Author: Luis Blanquez
Luis Blanquez is a European Competition Attorney that works with Bona Law.
WHAT IS AN ANTITRUST COMPLIANCE PROGRAM?
An antitrust compliance program is an internal business policy designed by a company to educate directors and employees to avoid risks of anticompetitive conduct.
Companies that conspire with their competitors to fix prices, share markets, allocate customers, production or output limitation; have historically faced severe fines from antitrust enforcement all over the world.
Companies articulating such programs are in the best position to detect and report the existence of unlawful anticompetitive activities, and if necessary, be the first ones to secure corporate leniency from antitrust authorities. This allows them to avoid substantial fines, and in some jurisdictions, such as the US and the UK, even criminal charges.
But not every program ensures compliance. A successful compliance program must alert and educate sales force; issue-spot risks; encourage reporting of anticompetitive issues, and deter risky conduct.
Over the years, antitrust authorities all over the world have published some general guidance creating and managing compliance programs. Even though there are differences between jurisdictions, all of them seem to have the following anchor points in common:
No “one size fits all” model: You must tailor your compliance program.

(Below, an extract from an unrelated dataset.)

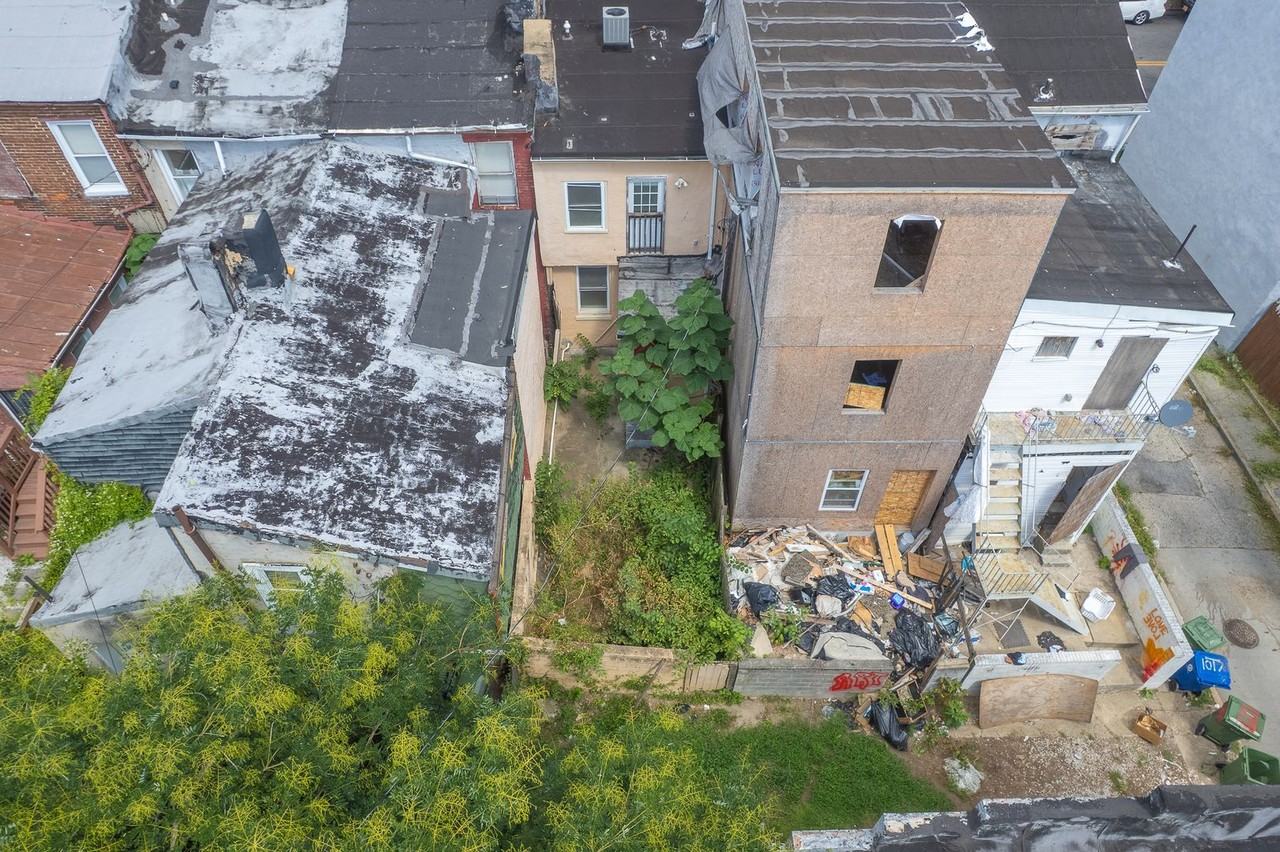 1123 W Lombard St - Photo 7 of 44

Effective compliance programs require companies to tailor their internal policies according to their particular situation.
A generic out-of-the-box compliance program is not likely to be effective. It is more important that the company conducts an assessment of the particular risk areas involved in its day-to-day business activities, with a specific focus on the structure and previous history of the industry.
Interaction of sales people with other competitors, with close attention to trade association meetings, is also an important point to consider. To illustrate, employees with access to pricing information and business plans are more likely to meet their counterparts from other companies in trade association reunions or industry events.
Development of training programs to educate directors and employees.
A company should ensure antitrust compliance training for all executives, managers and employees, especially those with sales and pricing responsibilities.
Genuinely effective compliance requires that companies apply the antitrust policy and training program to their entire organizational structure, preferably in writing. It may take the form of a manual and must be plainly worded in all the working languages of the company, so everyone understands it. The antitrust policy must contain a general description of antitrust law and its purpose, explaining the way the company enforces it, along with highlights of the potential costs of non-compliance.
An effective way to implement an antitrust policy is through a list of “Don’ts”, including illegal conduct such as price-fixing agreements, the exchange of future pricing information, or allocation of production quotas, among other conduct.
You might complement the forbidden conduct with a list of “Red Flags” to identify situations in which antitrust risks may arise (i.e. sales people attending trade associations or industry events).
You might also add a list of “Do’s” because employees are often more receptive to what they can do, rather than what they cannot do.
Finally, companies and their employees should document their antitrust compliance training in writing. This assures that employees take compliance efforts seriously and that antitrust enforcers understand that the company does so too.